▶ [What is required]: Leave out every picture and set down, exactly, the lines below from the one holding "Cessna Citation X (N933QS) - ILS 25R." up to and including the one holding "a view of hallway with wooden floor".
** Supplied information follows **
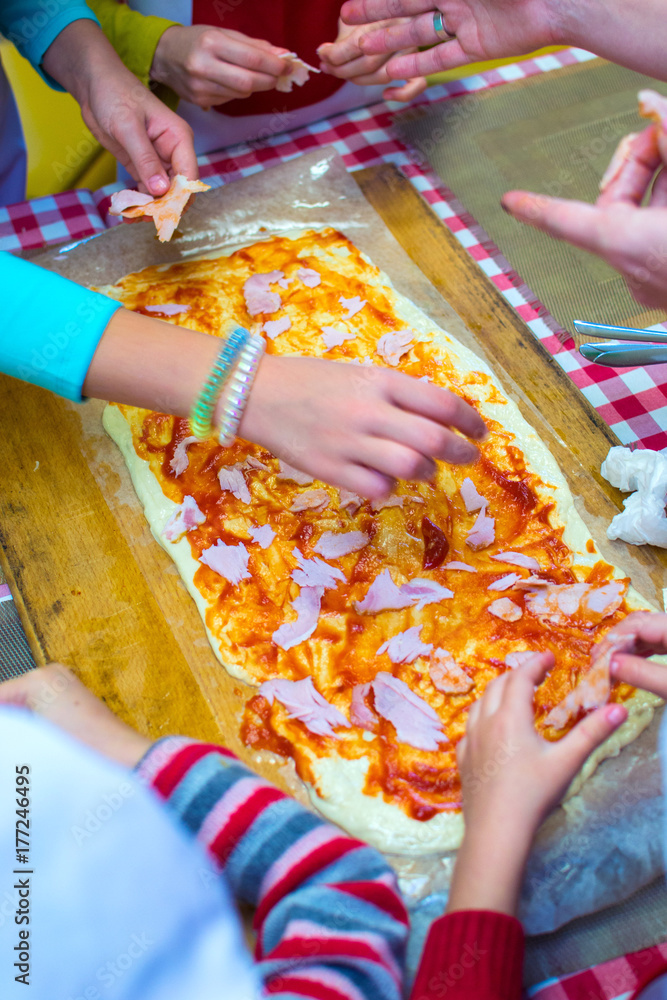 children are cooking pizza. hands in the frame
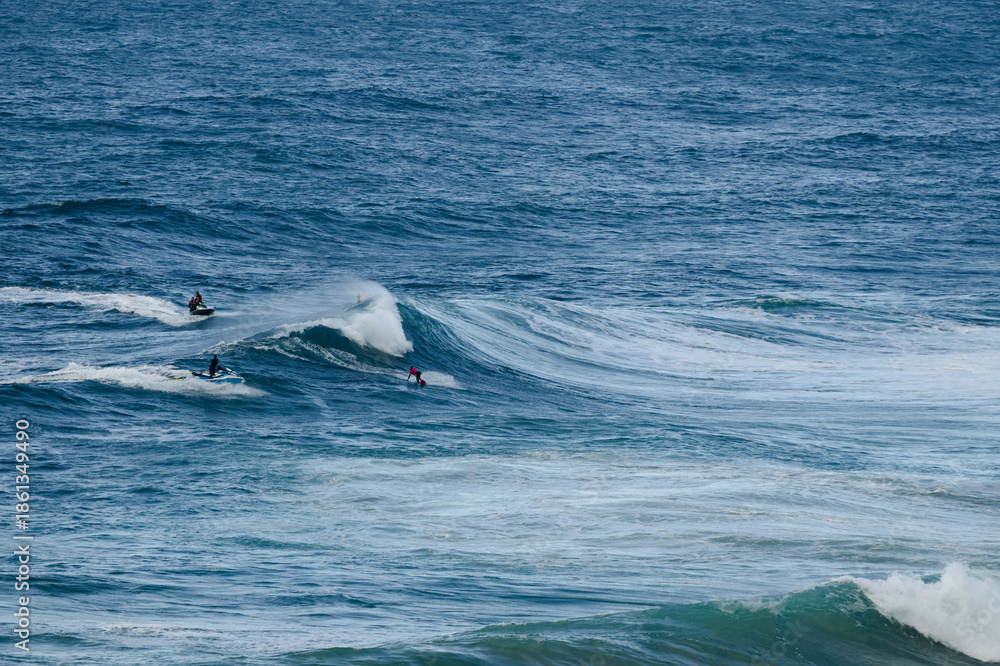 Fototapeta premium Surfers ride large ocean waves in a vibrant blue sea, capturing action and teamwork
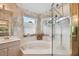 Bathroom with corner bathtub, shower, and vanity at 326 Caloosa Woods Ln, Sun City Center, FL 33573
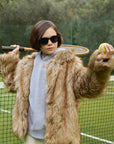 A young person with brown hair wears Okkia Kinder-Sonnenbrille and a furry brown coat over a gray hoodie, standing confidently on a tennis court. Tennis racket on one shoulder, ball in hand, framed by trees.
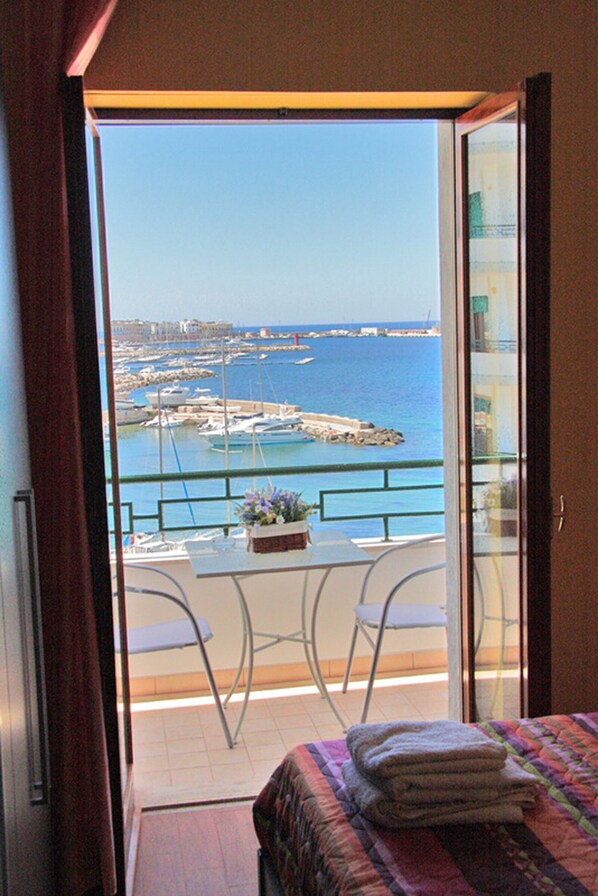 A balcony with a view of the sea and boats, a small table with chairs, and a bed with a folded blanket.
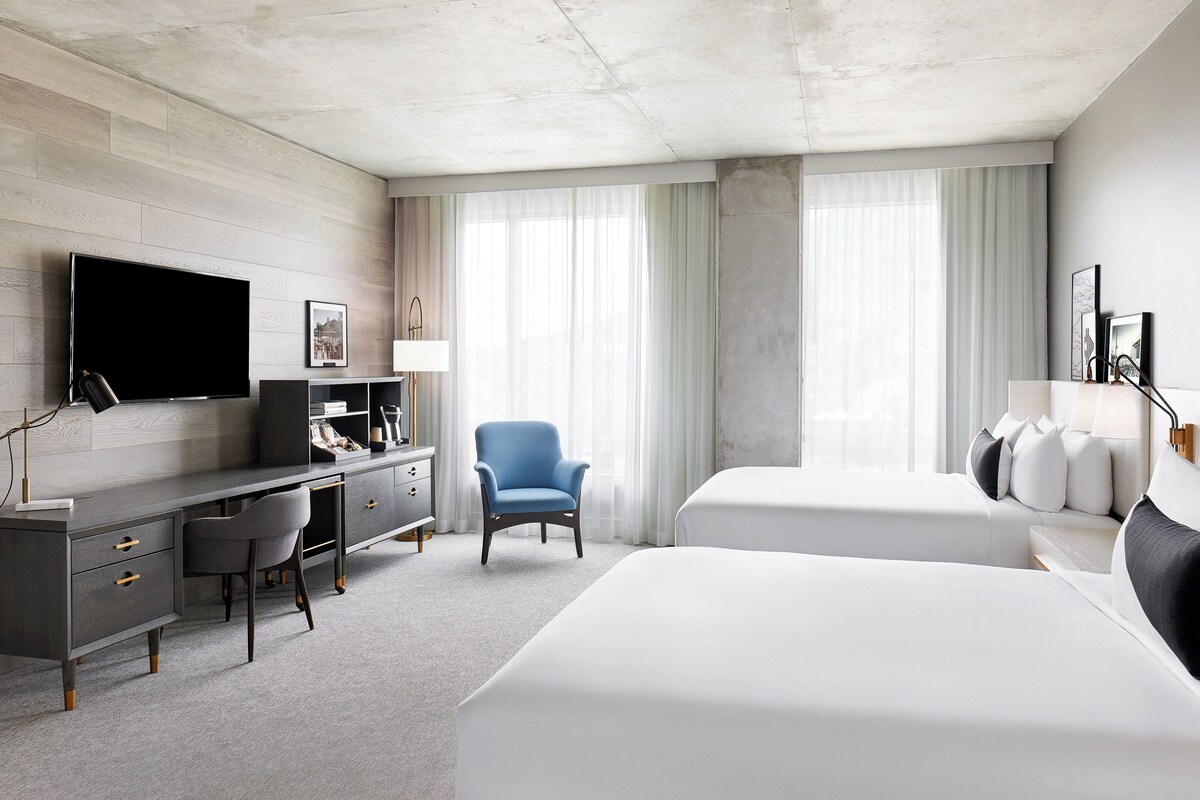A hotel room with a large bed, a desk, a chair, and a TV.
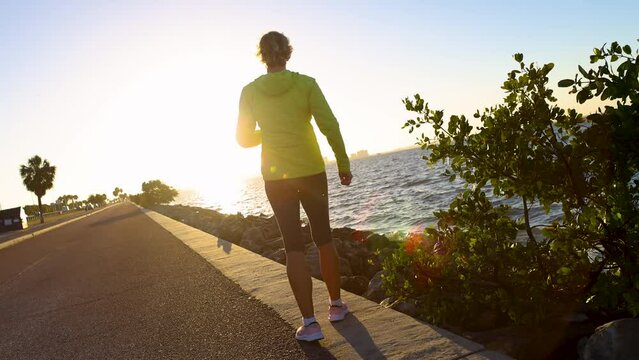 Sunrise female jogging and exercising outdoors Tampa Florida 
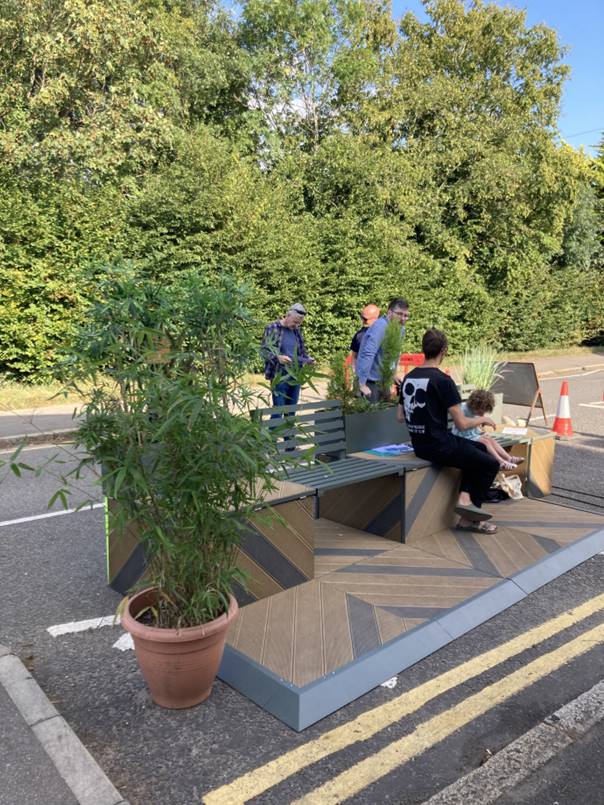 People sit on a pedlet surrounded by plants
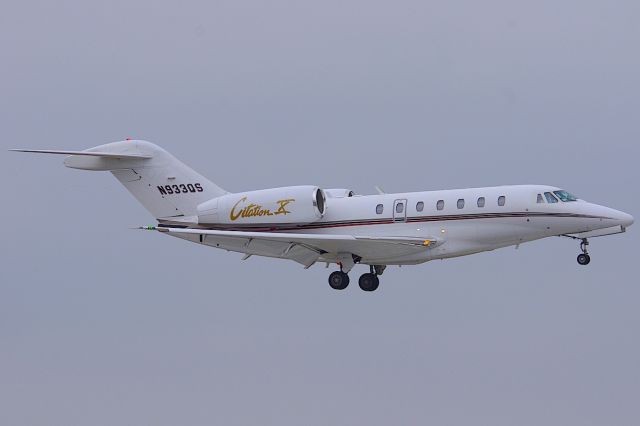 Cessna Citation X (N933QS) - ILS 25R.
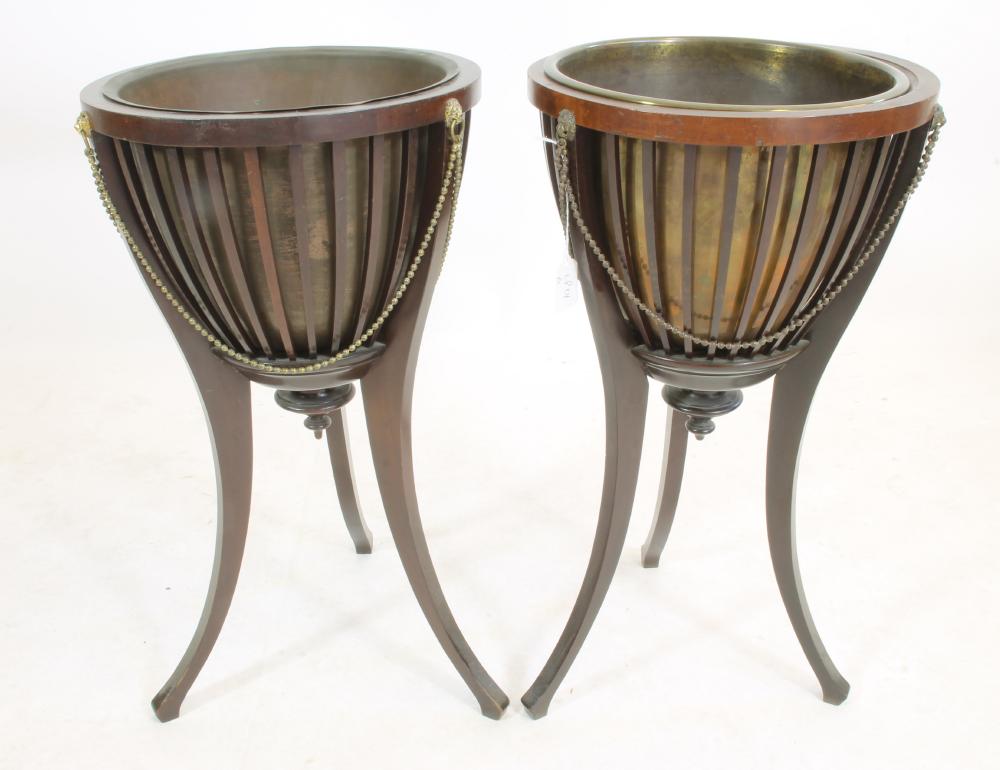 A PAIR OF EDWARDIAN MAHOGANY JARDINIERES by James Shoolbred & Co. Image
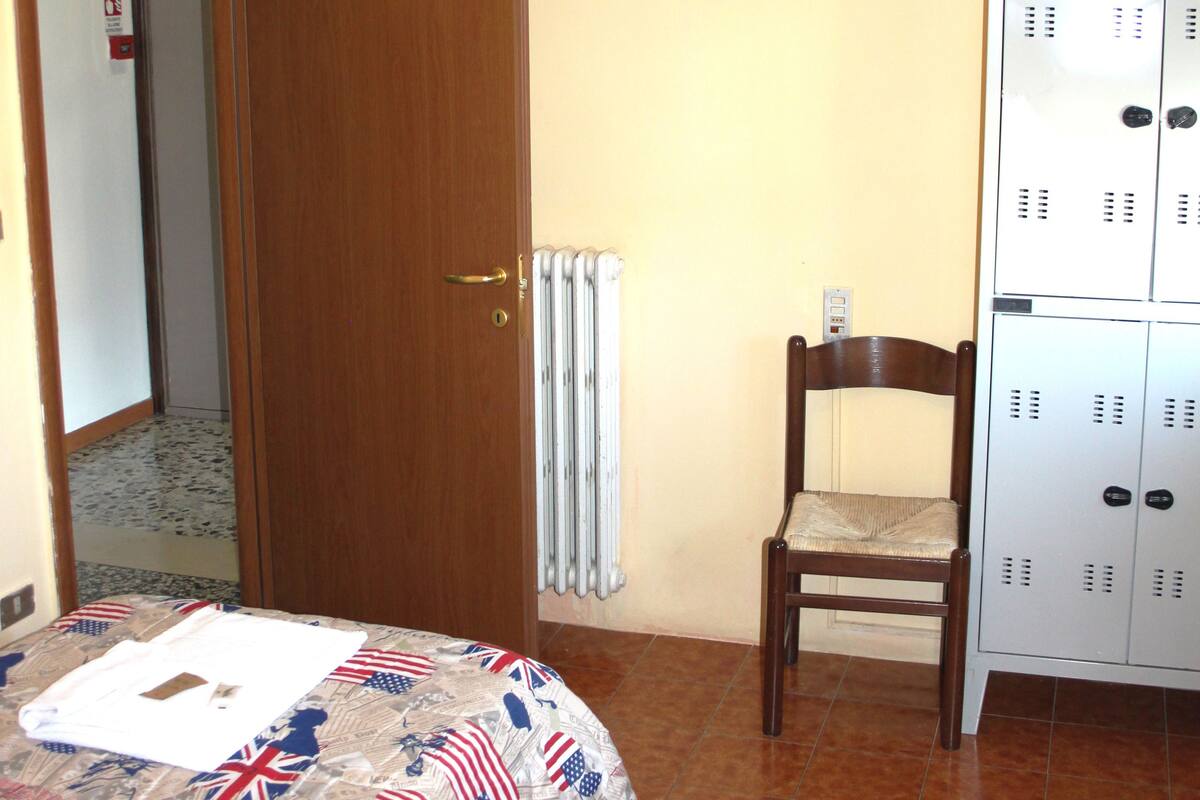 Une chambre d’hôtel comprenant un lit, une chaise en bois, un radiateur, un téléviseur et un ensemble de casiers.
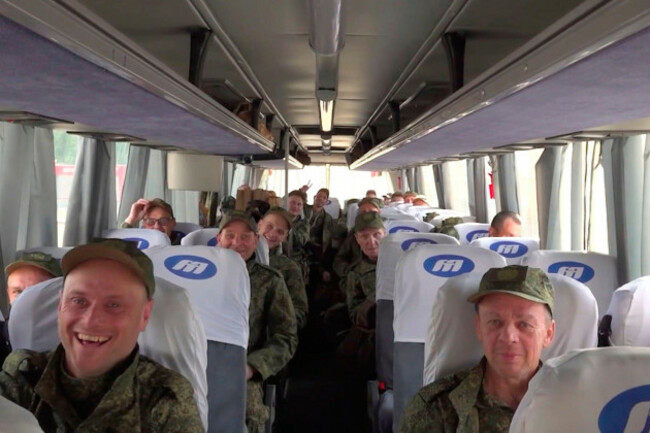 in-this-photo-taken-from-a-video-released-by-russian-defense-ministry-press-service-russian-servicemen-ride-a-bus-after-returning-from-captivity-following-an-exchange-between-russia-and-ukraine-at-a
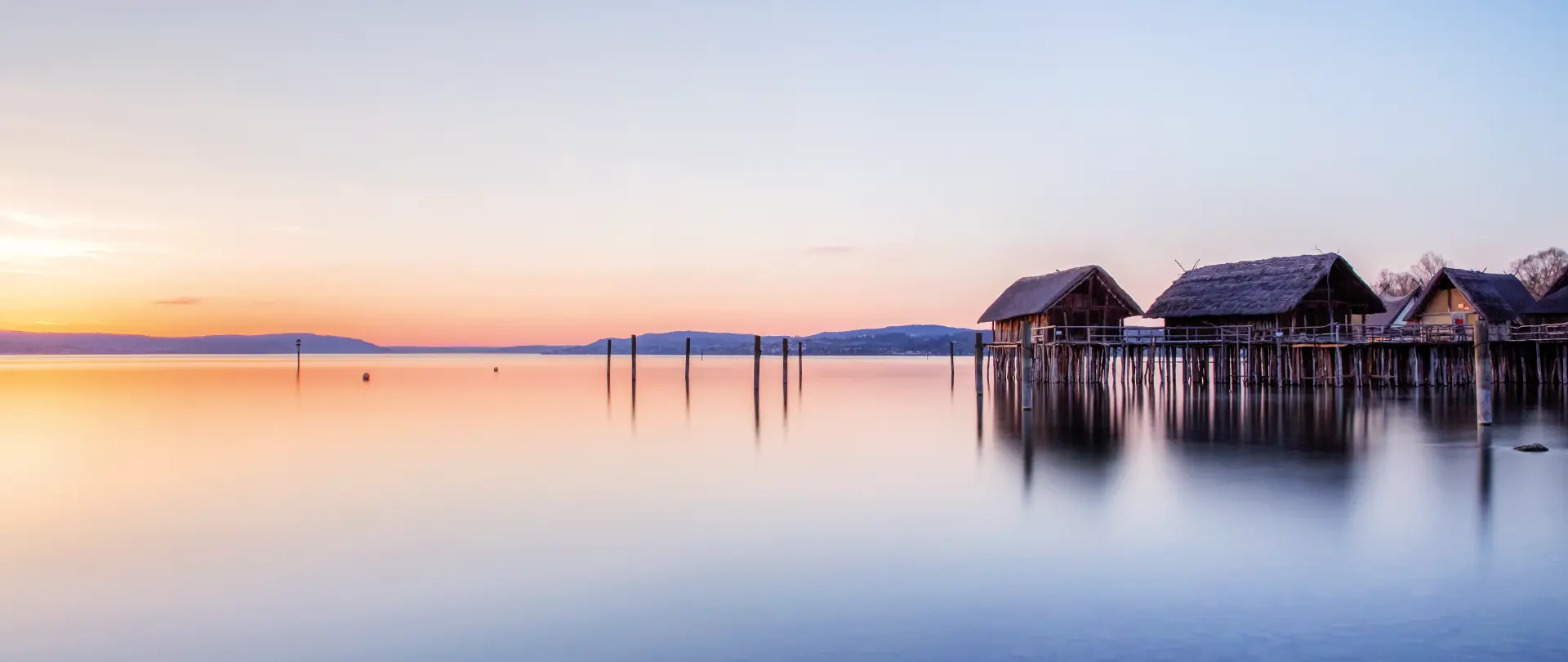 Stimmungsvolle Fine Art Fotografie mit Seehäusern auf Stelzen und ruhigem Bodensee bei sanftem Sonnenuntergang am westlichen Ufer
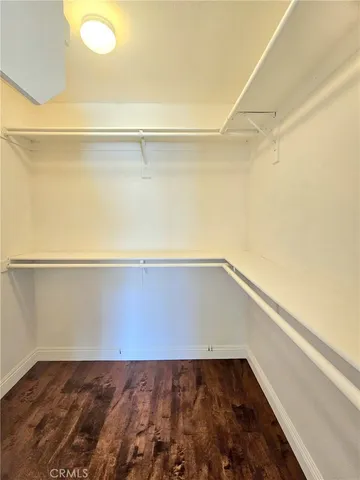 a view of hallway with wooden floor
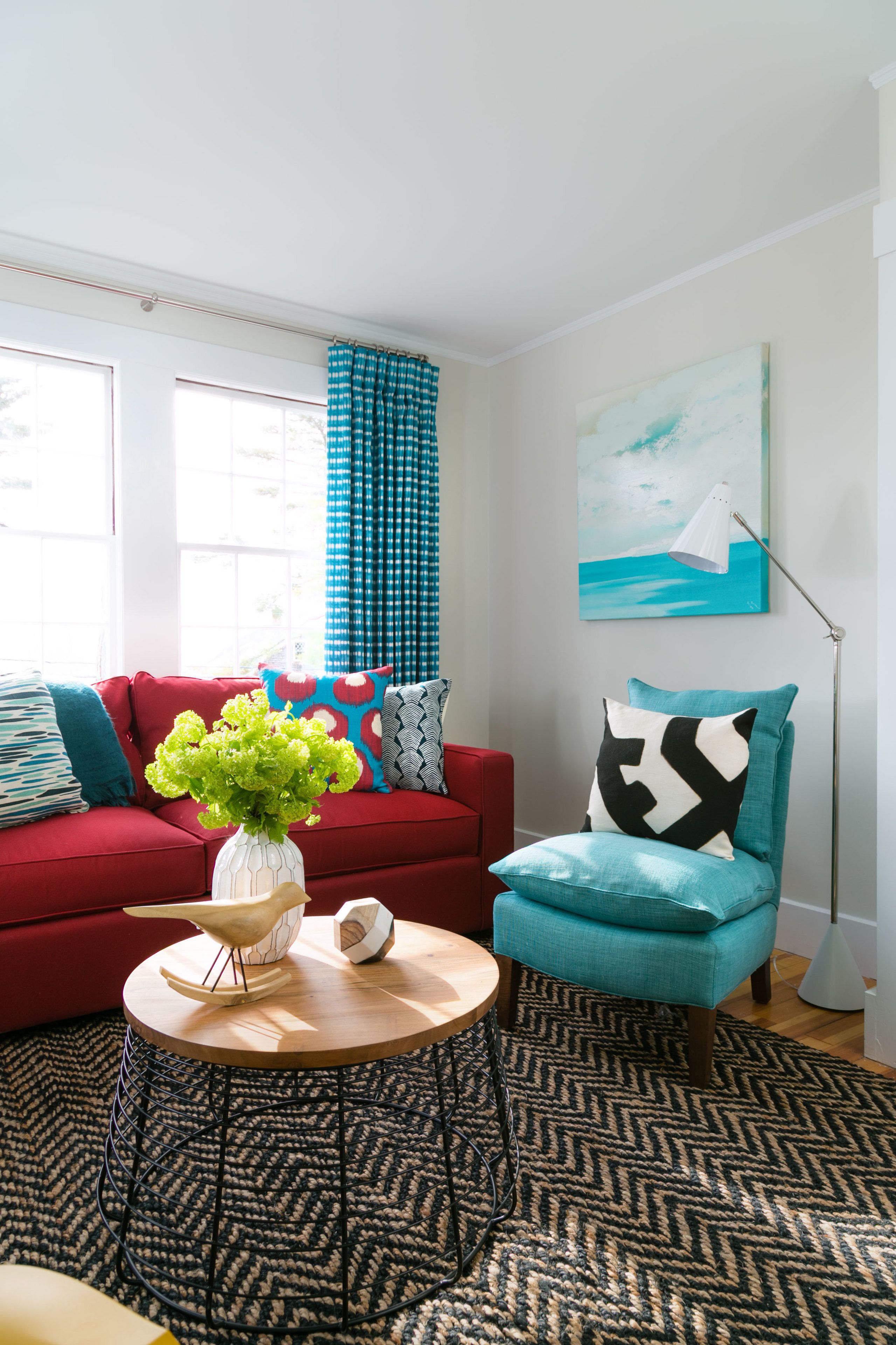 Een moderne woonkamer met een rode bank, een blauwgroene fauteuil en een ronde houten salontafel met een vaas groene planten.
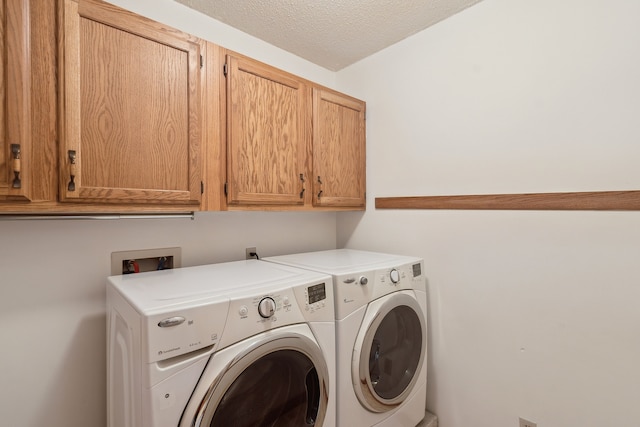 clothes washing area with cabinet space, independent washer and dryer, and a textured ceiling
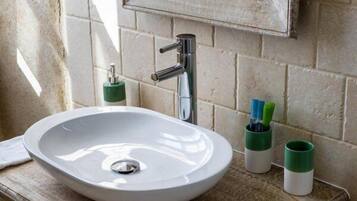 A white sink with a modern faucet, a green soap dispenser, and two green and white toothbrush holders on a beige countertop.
** End of Supplied information **
▶ [Output for this task]:
 Cessna Citation X (N933QS) - ILS 25R.
 A PAIR OF EDWARDIAN MAHOGANY JARDINIERES by James Shoolbred & Co. Image
 Une chambre d’hôtel comprenant un lit, une chaise en bois, un radiateur, un téléviseur et un ensemble de casiers.
 in-this-photo-taken-from-a-video-released-by-russian-defense-ministry-press-service-russian-servicemen-ride-a-bus-after-returning-from-captivity-following-an-exchange-between-russia-and-ukraine-at-a
 Stimmungsvolle Fine Art Fotografie mit Seehäusern auf Stelzen und ruhigem Bodensee bei sanftem Sonnenuntergang am westlichen Ufer
 a view of hallway with wooden floor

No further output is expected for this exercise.